((

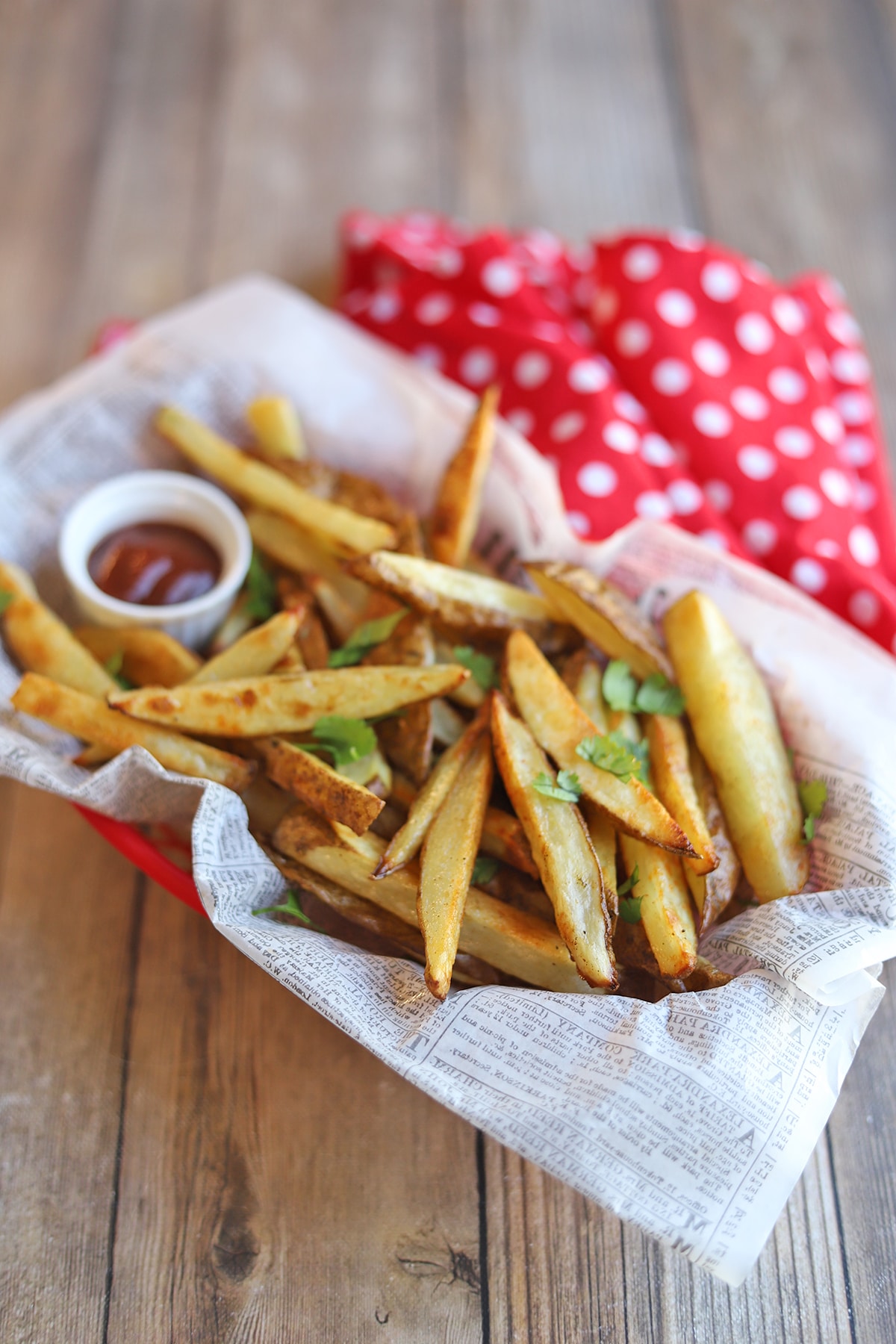 Basket of fries with ketchup.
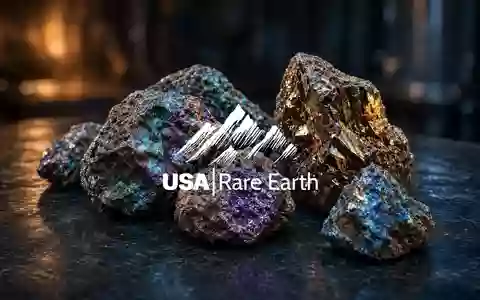 Nahaufnahme von glänzenden Seltenerdmineralien auf dunklem Stein vor einem stimmungsvollen, tiefblauen Hintergrund. - Foto: über boerse-global.de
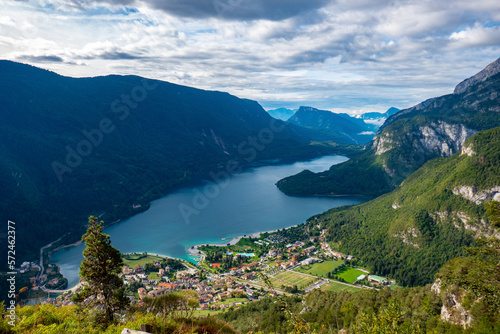 Idyllic view of beautiful Lake of Molveno  province of Trento  Trentino Alto-Adige  Italy  in a cloudy and sunny summer day  surrounded by Dolomiti del Brenta mountains
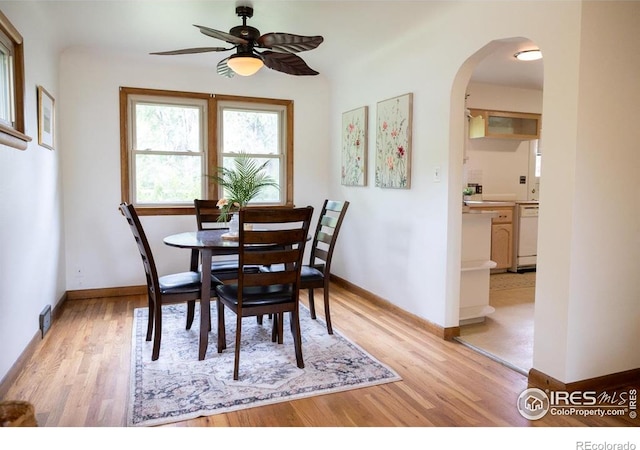 508 W 11th St, Loveland, CO 80537 - dining space featuring arched walkways, ceiling fan, light wood-style flooring, and baseboards
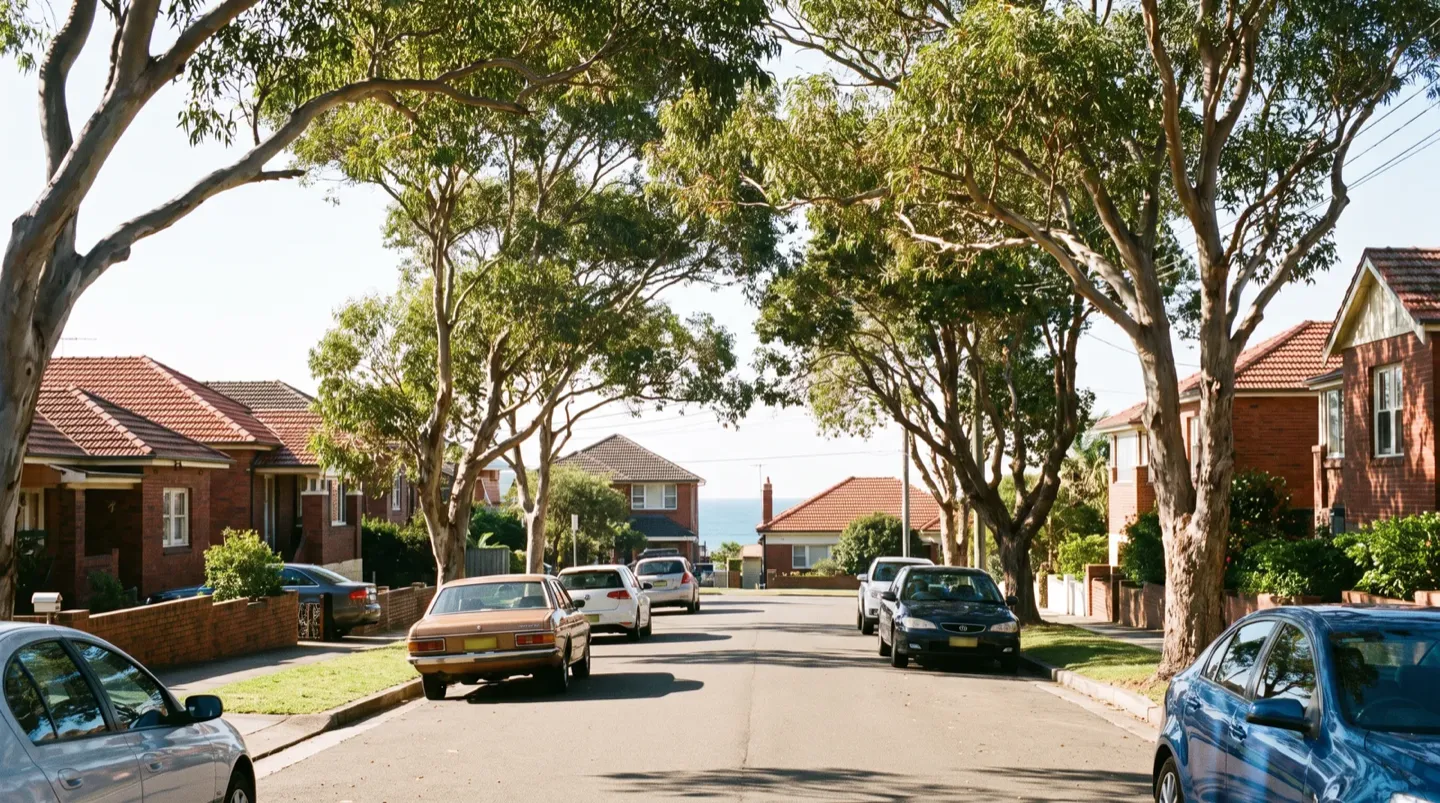 A leafy Newcastle residential street of brick-and-tile homes with a glimpse of the ocean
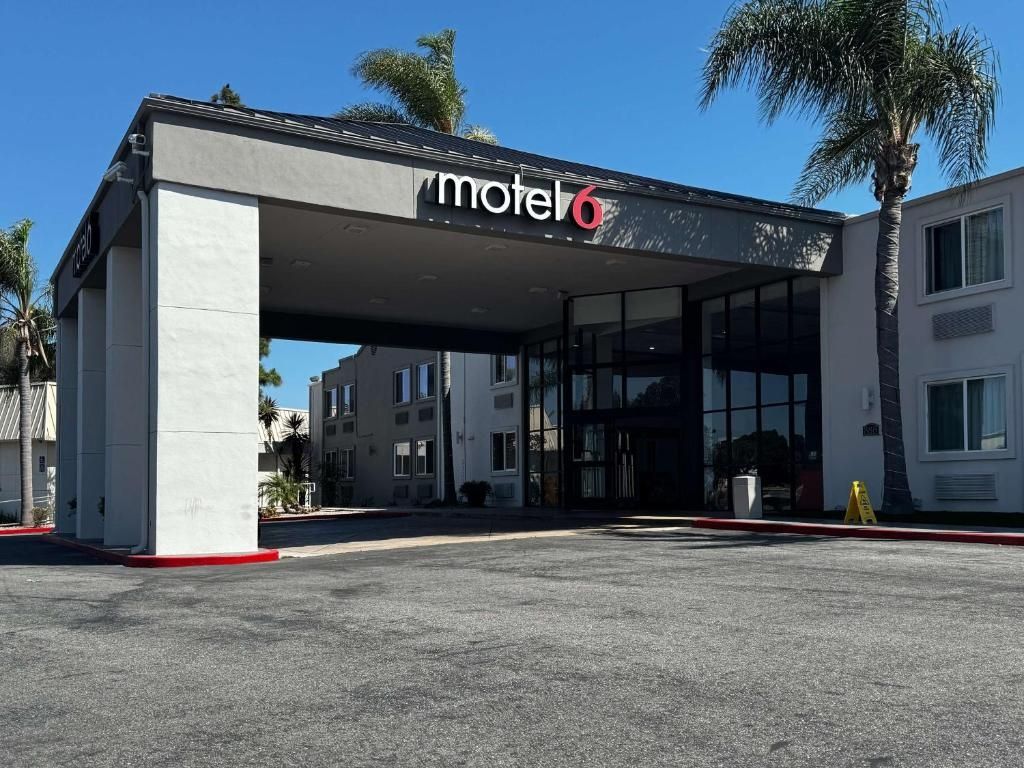 A motel with a modern design, featuring a covered entrance and large windows.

))

Required work: Give back the material above exactly as written, but omit the images.

Finished task:
 Basket of fries with ketchup.
 Nahaufnahme von glänzenden Seltenerdmineralien auf dunklem Stein vor einem stimmungsvollen, tiefblauen Hintergrund. - Foto: über boerse-global.de
 Idyllic view of beautiful Lake of Molveno  province of Trento  Trentino Alto-Adige  Italy  in a cloudy and sunny summer day  surrounded by Dolomiti del Brenta mountains
 508 W 11th St, Loveland, CO 80537 - dining space featuring arched walkways, ceiling fan, light wood-style flooring, and baseboards
 A leafy Newcastle residential street of brick-and-tile homes with a glimpse of the ocean
 A motel with a modern design, featuring a covered entrance and large windows.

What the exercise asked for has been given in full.